2. Contre la continuité
La thèse de la continuité affirme qu'il y a un lien entre le christianisme et les religions ; elles constituent une préparation à l'évangile ; elles en aplanissent les chemins. À ceux qui défendent cette thèse, Bultmann pense que l'on peut et que l'on doit opposer de nombreux textes de Jean et de Paul. Pensons, par exemple, à l’affirmation que l'évangile constitue un scandale pour les juifs et une folie pour les païens
. Loin de combler et d'exaucer, il contredit le désir de miracles qui habite les uns, tout autant qu'il renverse la recherche de sagesse qui anime les autres. Dieu nous prend toujours à rebrousse-poil. Les religions éloignent du Christ crucifié plus qu'elles n'en rapprochent.
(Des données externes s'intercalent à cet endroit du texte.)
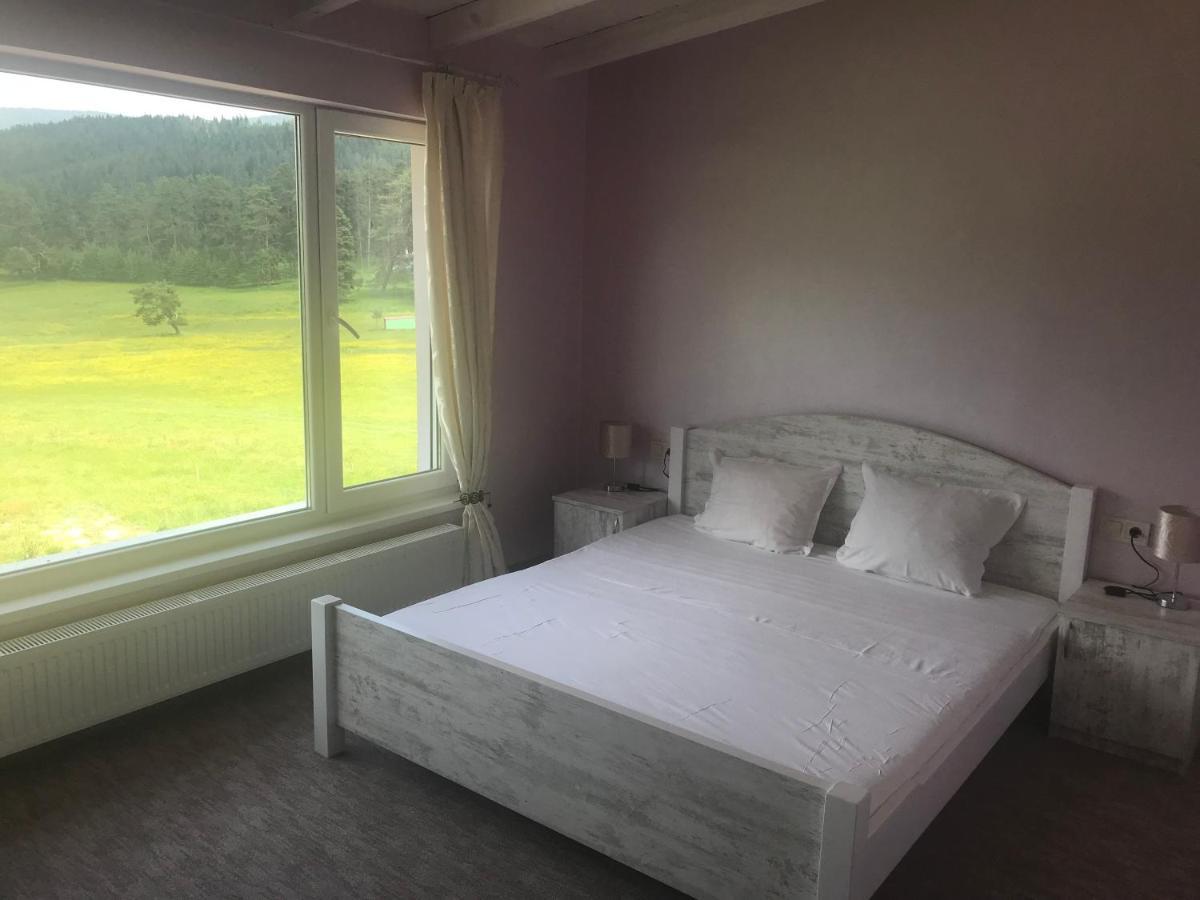 Комплекс Лебанов Hotell Yundola Exteriör bild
La prédication de la croix heurte les êtres humains et ne correspond nullement à leur attente. Elle s'oppose à leur raison, à leurs efforts, à leurs aspirations, à leur piété naturelle. Elle les appelle à une repentance et une conversion. Dans la même ligne, rappelons les textes qui parlent de nouvelle naissance, qui disent que la foi nous fait mourir à nous-mêmes pour vivre seulement de la vie du ressuscité. Le Nouveau Testament nous demande de renoncer à nos idées, à nos valeurs, à nos réalisations, à ce que nous avons découvert et bâti, à considérer tout cela comme des balayures, des ordures* pour tout attendre de la grâce de Dieu. Le croyant passe par une véritable crucifixion. Il sacrifie sa vie naturelle. Le vieil homme meurt en lui; il devient une créature nouvelle.
On ne saurait insister plus fortement sur la rupture radicale et totale que préconise l'évangile. Il y a discontinuité entre la nature et la grâce. L'évangile n'est pas, écrit Bultmann, « une fleur du jardin de l'esprit humain, mais une plante étrangère apportée de l'au-delà dans le monde des hommes » . On ne doit, en aucun cas, amoindrir cette étrangeté de la parole de Dieu par rapport à ce que nous sommes, ce que nous croyons, pensons et faisons. Elle représente une dimension essentielle du message évangélique.
3. Contre la rupture
Pourtant, la thèse de la rupture se heurte, elle aussi, à toute une série de faits et de textes qui font difficulté et qui empêchent de l'adopter telle quelle. Ainsi, pour parler du Seigneur d'Israël et du Père de Jésus Christ, les traducteurs de la Septante et, à leur suite, les auteurs du Nouveau Testament n'hésitent pas à employer le mot theos, ce qui montre qu'à leurs yeux, il a beaucoup en commun avec la divinité telle que la concevaient les grecs. Au premier siècle de notre ère, l'hellénisme a en partie abandonné le polythéisme et il développe l'idée d'une divinité suprême, qui est unique et qui se définit par l'esprit. Cette traduction, qui nous paraît toute naturelle et à laquelle nous ne prêtons pas grande attention, ne va pas du tout de soi. Elle exprime un choix fondamental, une option décisive, celle de rapprocher, voire d'identifier Celui dont témoigne la Bible avec la divinité grecque. Cette décision a d'autant plus d'importance qu'elle se continue jusqu'à notre époque. Bultmann note que les missionnaires, quand ils prêchent ou traduisent l'évangile, n'inventent pas un « nouveau mot pour Dieu ... N'avouent-ils pas, en utilisant un mot qui se trouve déjà dans la langue concernée qu'il existe partout une connaissance de Dieu ... et qu'une telle connaissance se cache également dans les représentations de Dieu que les missionnaires qualifient d'idole, d'anti-Dieu ? »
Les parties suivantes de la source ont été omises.